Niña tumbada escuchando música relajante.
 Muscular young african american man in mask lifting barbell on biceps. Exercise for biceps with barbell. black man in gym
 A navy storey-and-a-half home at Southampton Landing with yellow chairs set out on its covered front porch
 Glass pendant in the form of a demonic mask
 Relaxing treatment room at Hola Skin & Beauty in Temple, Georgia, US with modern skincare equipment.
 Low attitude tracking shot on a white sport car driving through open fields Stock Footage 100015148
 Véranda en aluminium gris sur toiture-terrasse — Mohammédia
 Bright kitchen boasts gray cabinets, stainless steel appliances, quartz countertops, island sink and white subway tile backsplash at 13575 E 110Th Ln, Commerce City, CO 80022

- - -

YOUR GOAL ->
The answer should be nothing more than the lines from the one with "Glass pendant in the form of a demonic mask" through the end of the entries, restated word for word.

RESPONSE BOX ->
 Glass pendant in the form of a demonic mask
 Relaxing treatment room at Hola Skin & Beauty in Temple, Georgia, US with modern skincare equipment.
 Low attitude tracking shot on a white sport car driving through open fields Stock Footage 100015148
 Véranda en aluminium gris sur toiture-terrasse — Mohammédia
 Bright kitchen boasts gray cabinets, stainless steel appliances, quartz countertops, island sink and white subway tile backsplash at 13575 E 110Th Ln, Commerce City, CO 80022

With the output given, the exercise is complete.